聖域。それは過去のもののように言われるが、まだまだ実情としては残っている。子どもはかわいいときも、「そうでないとき」もあり、親の感情がアンバランスだと、そのどちらの顔も「異常」に現れてしまいかねない。誕生までに自分の体内で育てる。そして、腹を痛めて産む。その後、その親が子供を殺してしまうような虐待にはしる。
人間対人間である親子関係の中で、権利や義務が絡むから複雑なのかとも思う。私は、親権というある種の「机上のモノ」に、虐待という感情のものをからめても答えは導き出せないような気がしてならない。
例えば、しつけを理由に虐待ではないと主張した親がいる。それを第三者が否定しても「親権者」である以上、認められてしまうのだ。背中にあざがある、生傷が絶えない。そんな子どもに気づいた時、虐待を疑ってみること自体にどこか「失礼」さを感じてしまう日本社会では、その境目は難しいのだろう。だから目を背けては「そういう役割の人」に任せてしまう。そういう役割の児童相談所の職員は、言ってみれば権限もあるかわりに、やはり親権を武器にされると、それをまた机上のモノで対抗するしかなくなる。今回の親権の2年間の停止という法改正は、そのために「やりやすくなる」とされるのだ。
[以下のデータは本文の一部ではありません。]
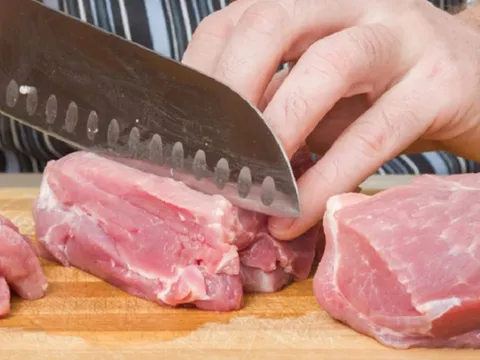 Sai lầm khi chế biến thịt lợn "âm thầm” gây hại cả nhà
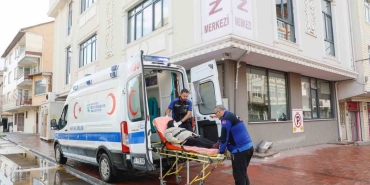 2024-yilinda-48-bin-kisiye-hasta-nakil-ambulans-hizmeti-fOPkWgpv.jpg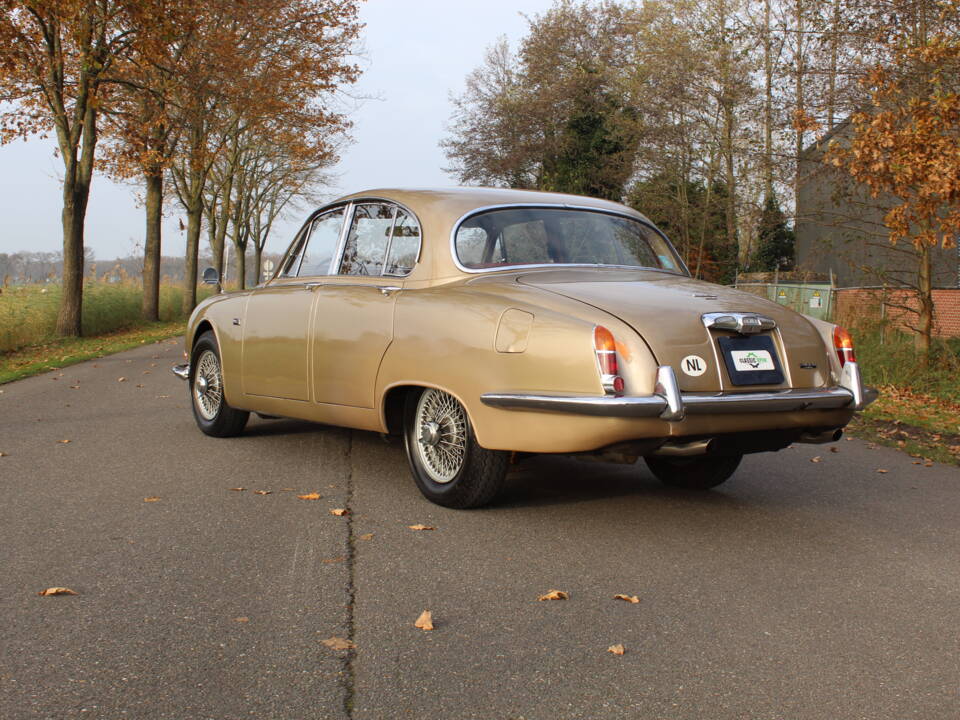 Immagine 6/19 di Jaguar S-Type 3.4 (1967)
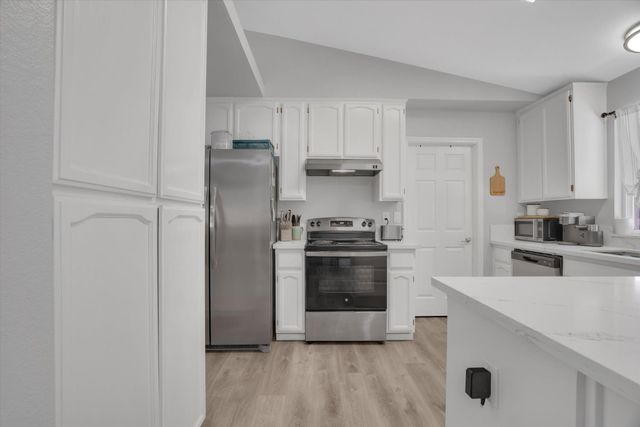 1105 Memory Ln, Modesto, CA 95351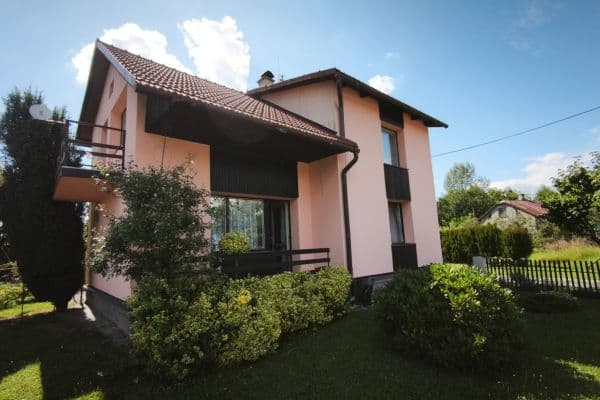 Prodej domu 200 m², pozemek 1.797 m², 17. listopadu, Orlová Prodej domu 200 m², pozemek 1.797 m², 17. listopadu, Orlová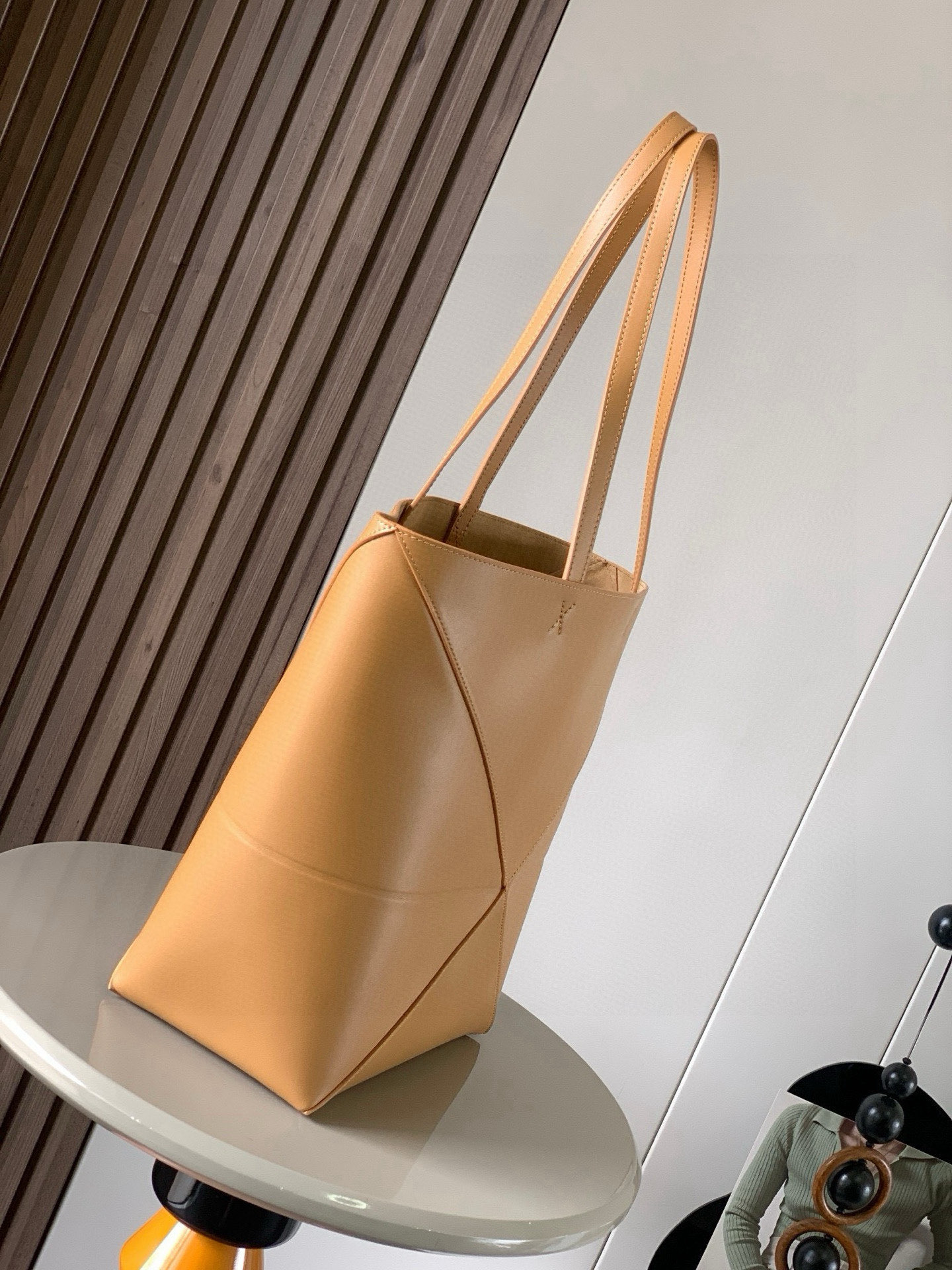 Loewe 中号31cm亮面牛皮革 puzzle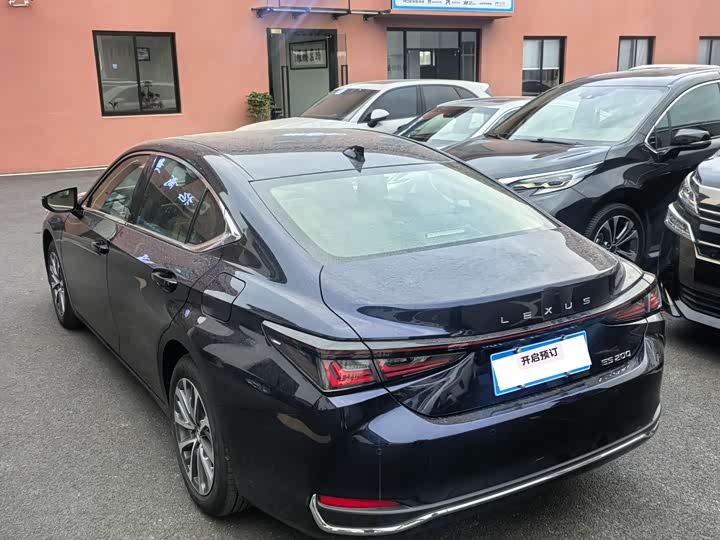 Фото 9 - Lexus ES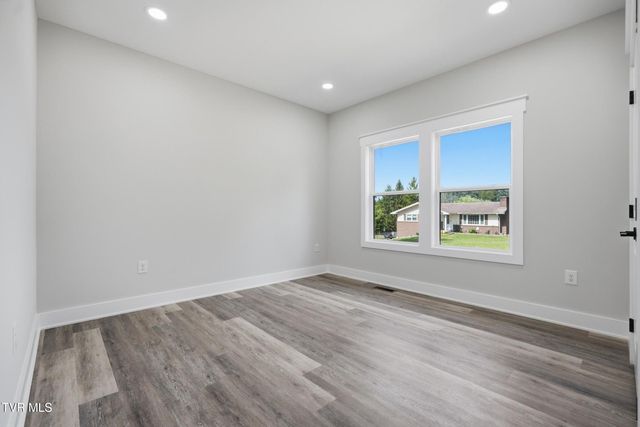 0 County Cork, Bristol, VA 24202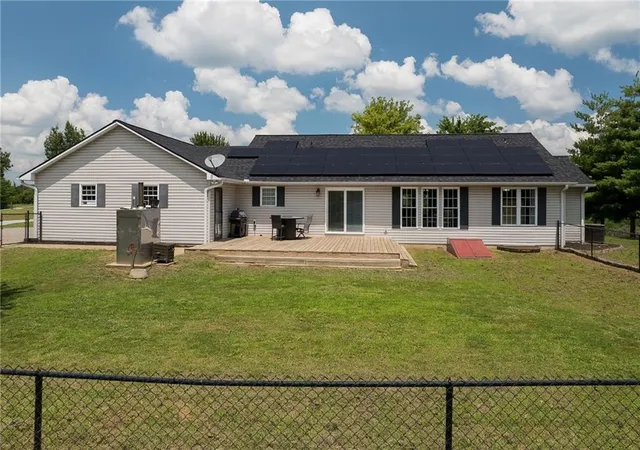 3rd image of 10700 Se Crabapple Rd, Agency, MO 64401 | MLS# 2631866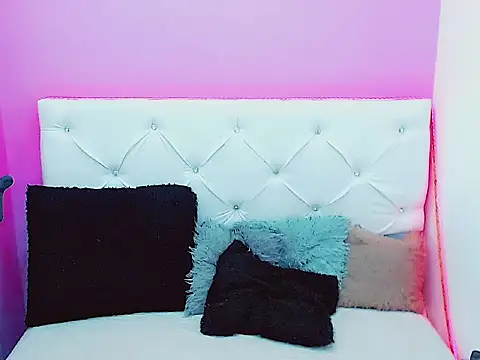 Snapshot of x_daniiela_x chatting on 10/09/25, 07:56 x daniiela x online show from 10/09/25, 07:56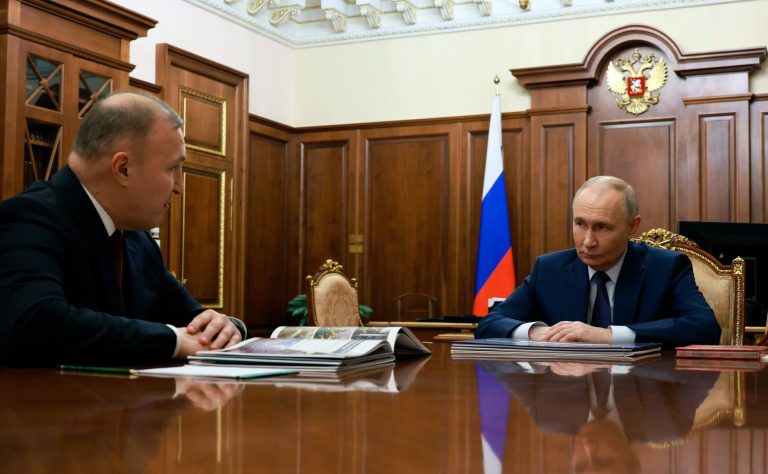 Adıgey Cumhuriyeti Başkanı Kumpıl Murat, Vladimir Putin ile bir görüşme gerçekleştirildi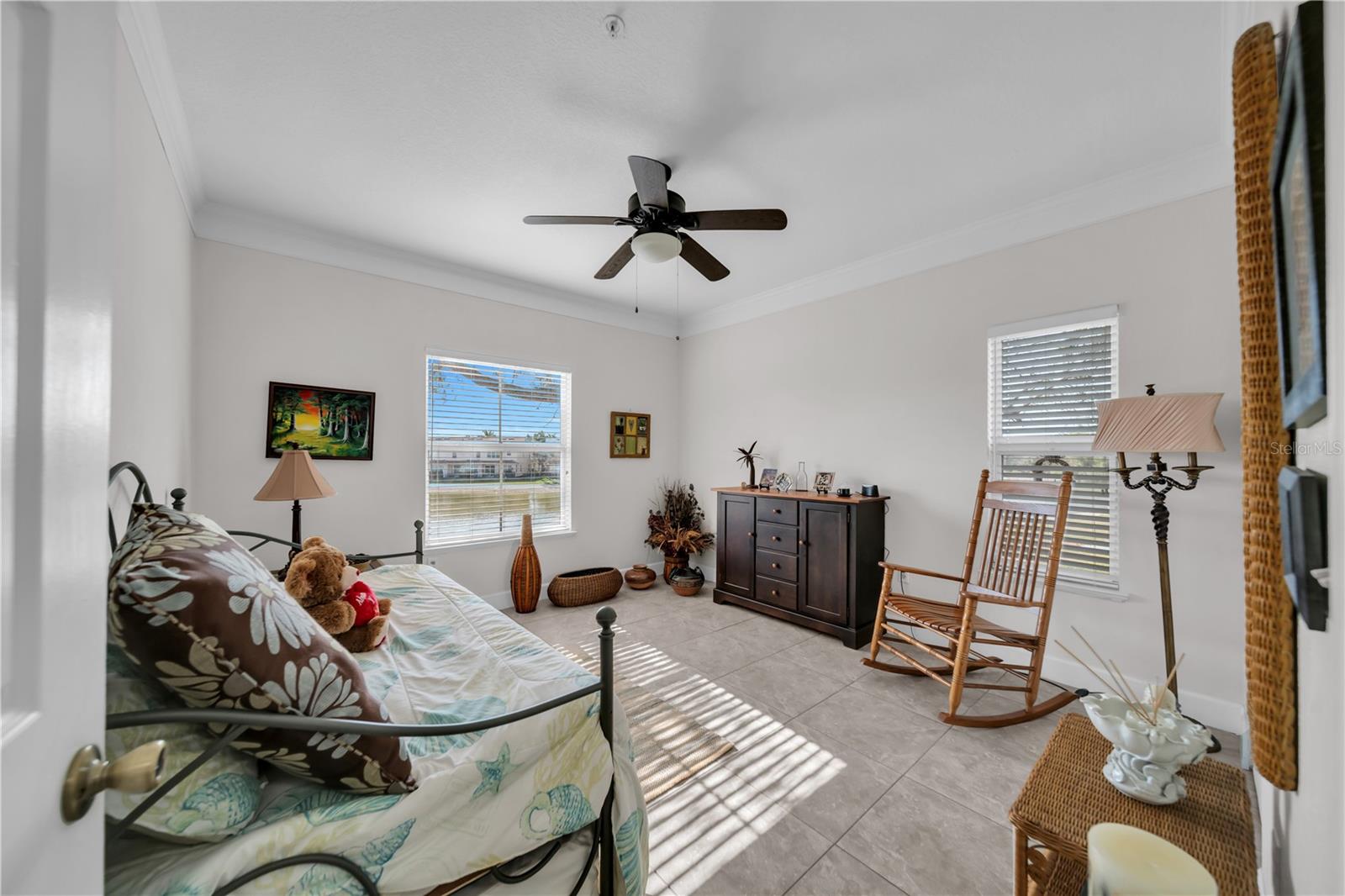 ROYAL GREENS/GATEWAY CONDO - Residential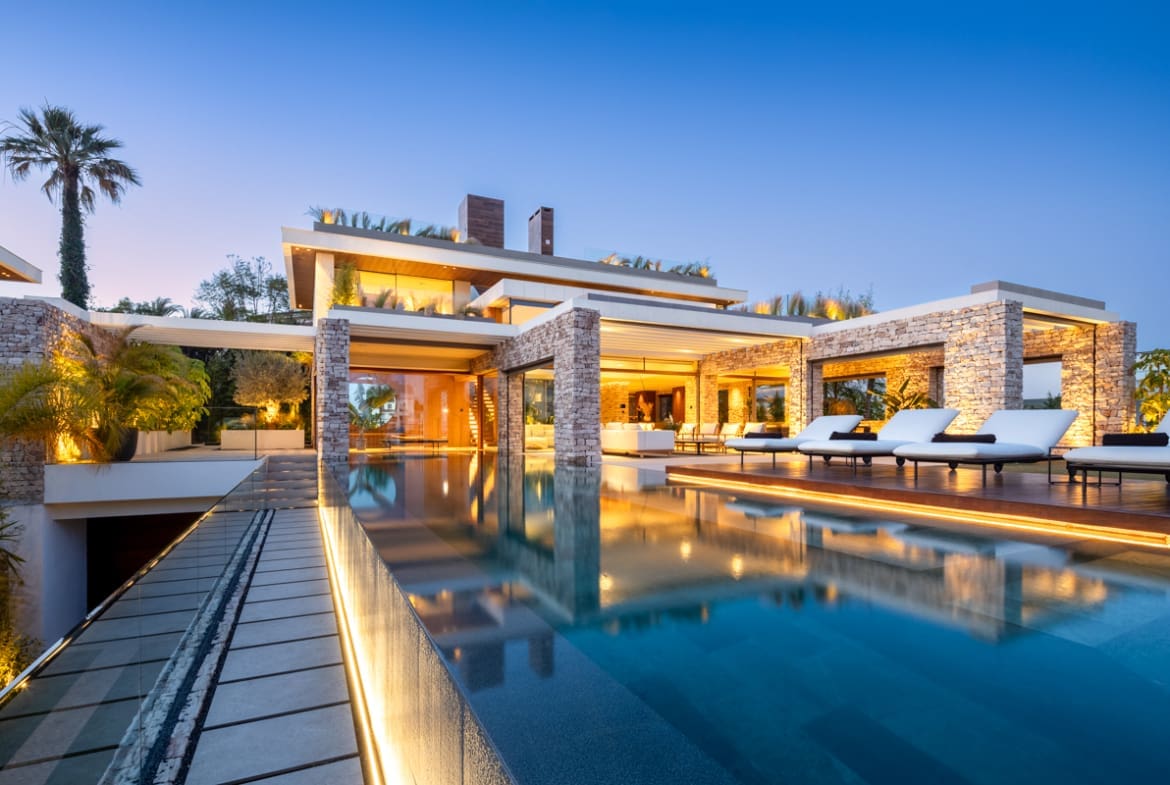 Villa P Een Architectonisch Meesterwerk in Nueva Andalucia te koop - MDR Luxury Homes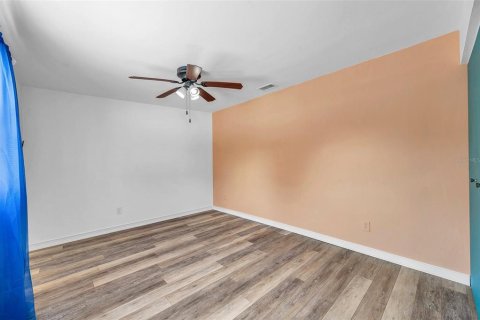 House in Saint Petersburg, Florida 2 bedrooms, 74.32 sq.m. № 1901749 - photo 15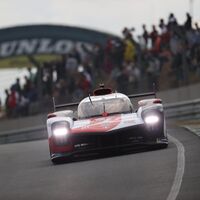 El Toyota #7 sigue liderando unas caóticas 24 Horas de Le Mans: lluvia, accidentes y criba entre los LMP2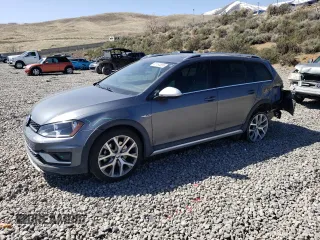 2017 Volkswagen Golf S z VIN 3VWH17AU7HM520826, wystawiony jako Copart lot #52184895 z przebiegiem 77 849 mil mil oraz Szkoda całkowita • Salvage title. Historia ofert i sprzedaży dostępna na DreamBid. Obrazek 1.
が、そうだろうか。母乳を与え、おむつをかえ、空腹を訴えて泣けば食事を与える。それが辛いという正直な「親」の感情は、成長する子どもの姿でお返しされているようなもので、それが健全な親子関係だ。子育ての中で、感情的になるなというのは無理な話で、カッとなって手を挙げてしまうこともあるだろう。それを補って余りある愛情が、強く抱きしめることなどに現れれば、親子関係に歪みはなくなる。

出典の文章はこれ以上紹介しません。